Monitoring CPU utilization
CPU utilization is one of the key performance indicators. Regular monitoring of CPU helps you understand specific patterns of CPU usage and enables you to get an accurate picture of your system’s capabilities.
Utilization
This attribute displays the percentage of CPU utilization. CPU utilization is calculated by adding user time and system time. High CPU utilization is not necessarily bad. High CPU utilization is good if all your work is being done as expected. Low CPU utilization is normal when the CPU has a light load. This attribute is more useful when looked at in combination with the Load attribute. A high load average along with low CPU utilization can indicate problems (most likely in the I/O subsystem).
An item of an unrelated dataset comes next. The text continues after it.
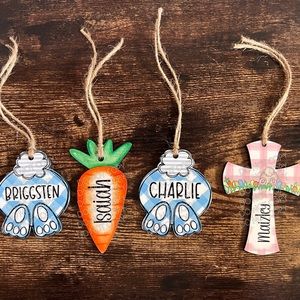Personalized Easter basket tag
However, a low load average with high CPU utilization is common. This simply means that the CPU is being used efficiently. High CPU utilization can also be an indication of excessive paging activity. When the value of this attribute reaches the warning or alarm range, PATROL annotates the attribute's value with a report that displays the top 10 highest CPU-using processes. Annotations are denoted by an asterisk (or user-specified symbol) in the graph.
Warning at two consecutive hits in the 90% to 95% range and Alarm at two consecutive hits in the 95% to 100% range are reasonable for a typical system. However, knowing the characteristics of your system and its work load will help you determine whether to change the defaults.
As stated previously, CPU utilization is much more meaningful when combined with other attributes. However, if your system always seems to be running above 95% utilization and you have done everything you can to improve your system's performance, then you may want to alter or deactivate the default range thresholds to avoid false alarms.
Suggested action
If your CPU utilization is high and a particular process that is important to you is not executing quickly enough, you can use the renice command to increase the process' priority. If you have batch processes running, you can schedule some jobs to run during non-peak times.
IdleTime
This attribute displays the percentage of CPU time that is spent idle. A high percentage of idle time indicates that the server is not using its CPU to it's fullest capacity. Consider setting up a alert if the idle time percentage is high for a considerable amount of time.
Monitoring memory utilization
While monitoring the performance of the operating system it is important to measure the impact of free and used memory.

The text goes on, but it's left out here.